Marcia Peeters started her local plant rescue business, Pierce Street Gardens, on her front lawn with donated plants and a can for donations over 15 years ago. Since then, her business has almost overgrown her home due to the rise of gardening in Eugene. According to Peeters, the Eugene gardening community has grown due to the fact that people are becoming more aware of the benefits of growing your own food.
“If I can grow my own tomatoes and they taste better and are less expensive if I do it right, there’s a lot of benefit to that,” Peeters said.
Shelley Bowerman, Ant Farm member and instructor for University of Oregon‘s Urban Farm, sees a “growing understanding that we need to know how to do this ourselves, for self-sufficiency’s sake, for environmental health, for our personal health.”
The importance of interacting with nature and being in a community is increasing in Eugene, according to Bowerman, and people are now understanding why that is important. “People are looking for a therapeutic connection to nature, a community where they feel supported, because that is becoming more and more scarce in this American society.”
In addition to becoming more aware of the benefits of growing their own food, according to Peeters, people are also starting to garden and farm for the more personal reason of self-sufficiency. People are also starting to move toward solving the challenges of growing food in the modern world as it could become a vital resource.
For Peeters, “knowing exactly what happened to that fruit or vegetable before it got on your plate,” is a reason why the gardening and farming community is growing in Eugene. “The Eugene gardening community values organic plants; they value the whole non-chemical, non-pesticide, no herbicide,” Peeters said.
Bill Bezuk, owner of The Eugene Backyard Farmer, started his business because he realized the urban farming community in Eugene was a big market that was not being served. “I wanted to do something that had not been done yet,” Bezuk said.
According to Bezuk, his business, which has grown in the past five years, has grown because urban farming has grown in Eugene. “I think a lot of people recognize that our food system isn’t necessarily structured in a very sustainable way […] people are taking matters into their own hands.”
Eugenians are moving towards the concept of being able to control their own output.
According to Sean Ferrigno and Forest Weaver, co-owners of Garden Starters, Eugenians are seeing the importance of knowing what’s in their soil. They have even gone as far as to talk to the farmers who sell the feed to the horses whose manure is used in their hand-crafted organic soil.
Within the growing gardening community, many have no idea where or how to start growing their own food.
“People are looking for that initial help more than anything else,” Ferrigno said. Garden Starters gives people advice on where to put their garden, how often to water it, the fundamental choice of soil, and does the work to provide a blank slate for people to do their own gardening and hopefully be successful their first year.
“Lots of first-time gardeners become discouraged and think they can just buy cheaper produce somewhere else, so when they come here, I give them personal attention so they can get the right plant for the right location,” Peeters said.
Gardening in Eugene can be community-based. The Ant Farm collective is a community-oriented group of people supporting each other in the goal of self-sufficiency by gardening together on shared land and providing knowledge and support.
“It’s challenging,” Bowerman, one of the leaders of The Ant Farm said, “considering modern life and the way our society structures basic needs […] by working together, by learning together, by growing food together, we have been able to circumnavigate some of those challenges of growing food in the modern world.”
Gardening in Eugene has not only developed in the local community but also in the classroom with the Urban Farm classes held at the University of Oregon. Urban Farm is an outdoor classroom where students can learn the skills of growing food and an opportunity to spread the message of the importance of growing your own food among people who are not familiar with it, according to Bowerman.
The city of Eugene has passed regulations that are very supportive of farming, according to Bezuk. In March of 2013, an ordinance update passed that increased the number of urban animals allowed within city limits. “There’s a lot of support in Eugene,” Bezuk said.

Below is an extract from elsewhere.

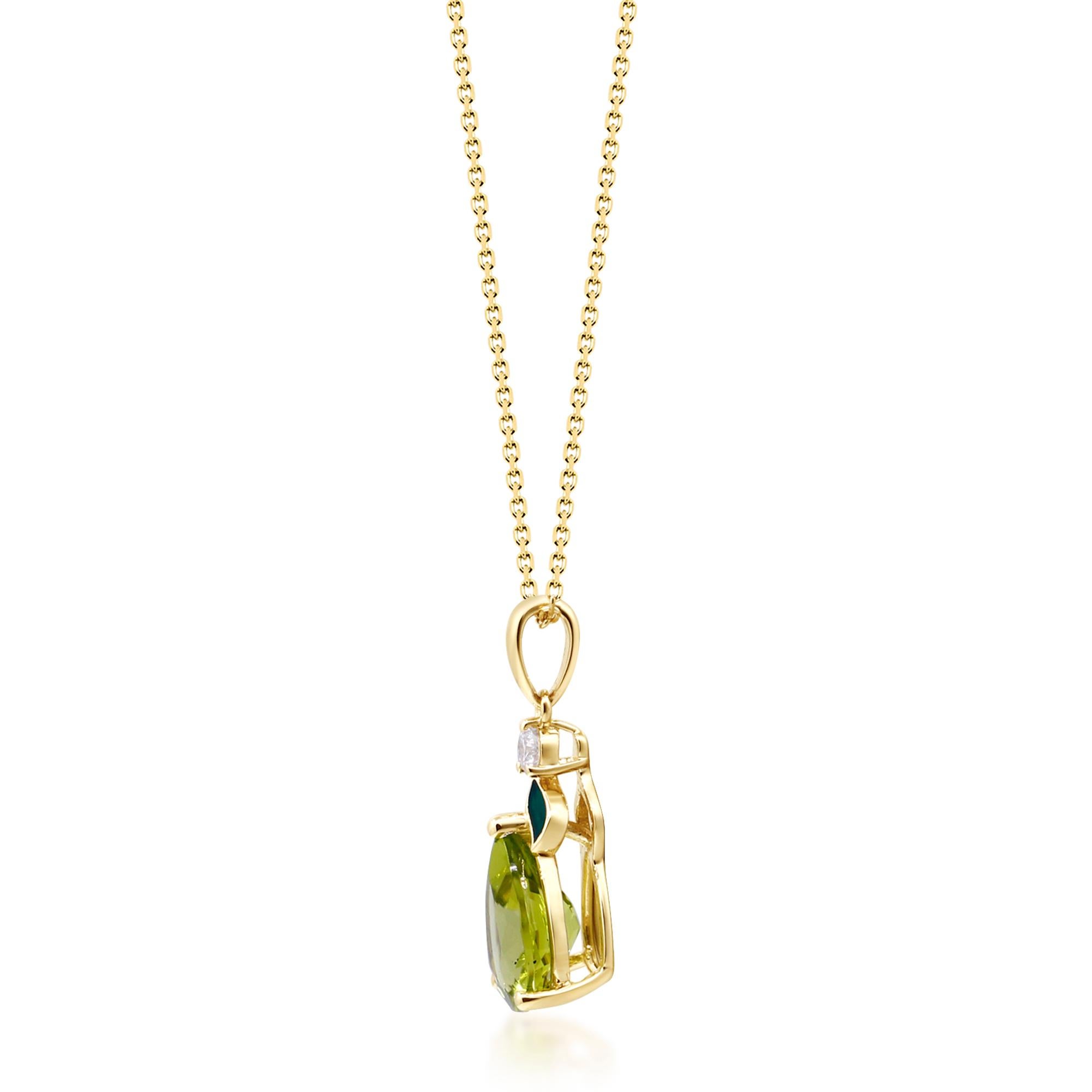 Art Deco 1.75 Carat Pear-Cut Peridot with Diamond Accents 10K Yellow Gold Pendant For Sale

Even though the gardening community has grown, some people want to see Eugene do a lot more. “I want to see more open spaces and public spaces dedicated to urban farming, because a lot of people don’t have the space for it,” Bezuk said.

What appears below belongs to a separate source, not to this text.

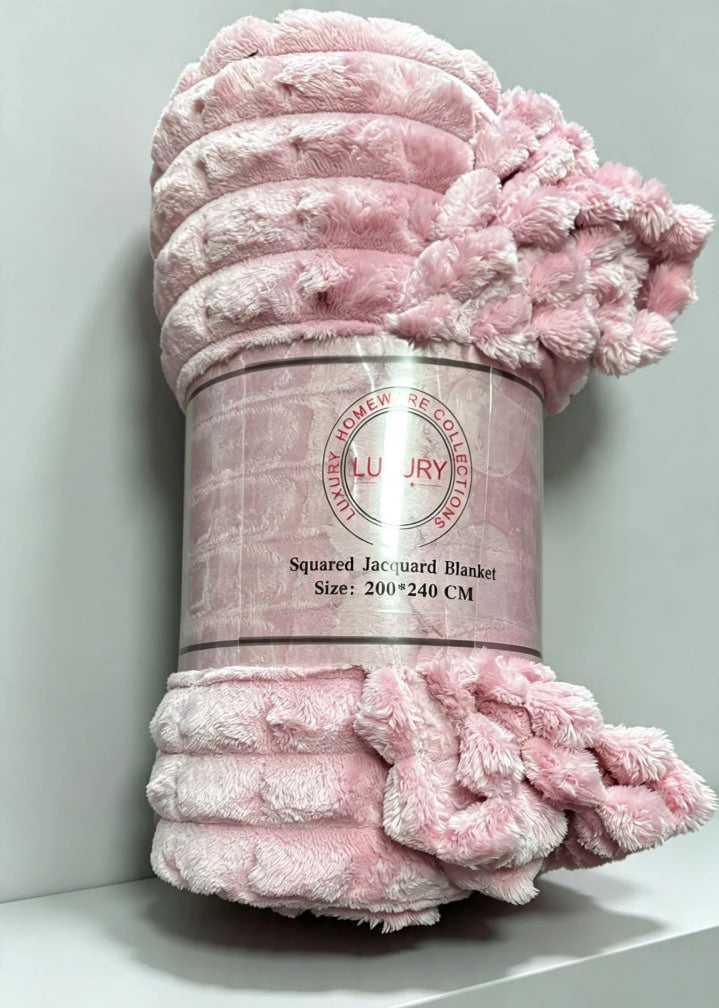 Squared Jacquard Blanket 200 x 240 Cm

Garden Starters, along with helping people grow vegetables successfully, wants to install community gardens around town that are for-profit that don’t rely on grant money and city cooperation. Last year, the city of Eugene cut the staff time of the community gardens manager in half, from .5 full-time equivalent to .25 full-time equivalent.1 These for-profit gardens would be “run more as a business since it would be more stable that way,” Weaver said.

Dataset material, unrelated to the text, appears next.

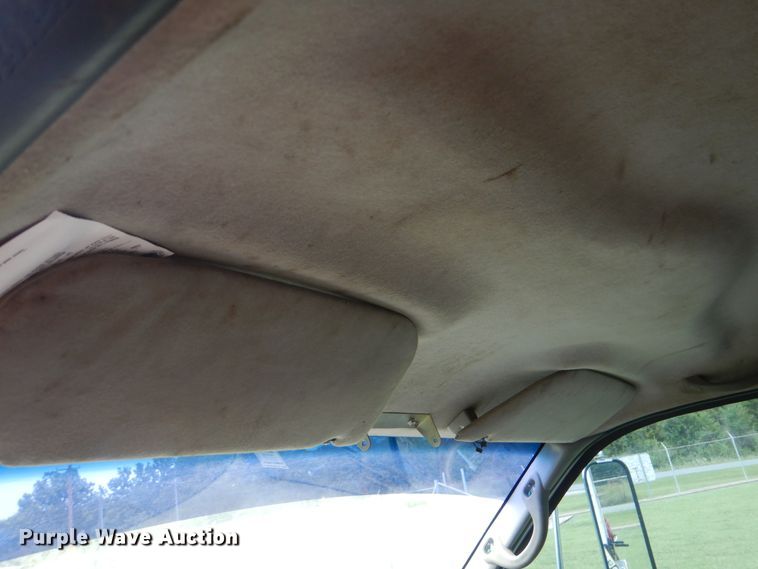 image for item HJ9894 2006 Ford F750 Super Duty  flatbed truck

Aside from the community’s future, gardening and farming could become a vital resource. “If fuel prices and water scarcity go up anymore, it’s going to become more of a practical solution than a hobby,” Weaver said.
Some Eugene gardeners are hopeful, though. “We are just going to get stronger and healthier as a community while external forces impact of migration, resource scarcity, drought become more and more stressful,” Bowerman said, “but I’m hopeful.”
1 Schneider, Amy. “Eugene City Staff Time For Community Gardens Cut In Half.”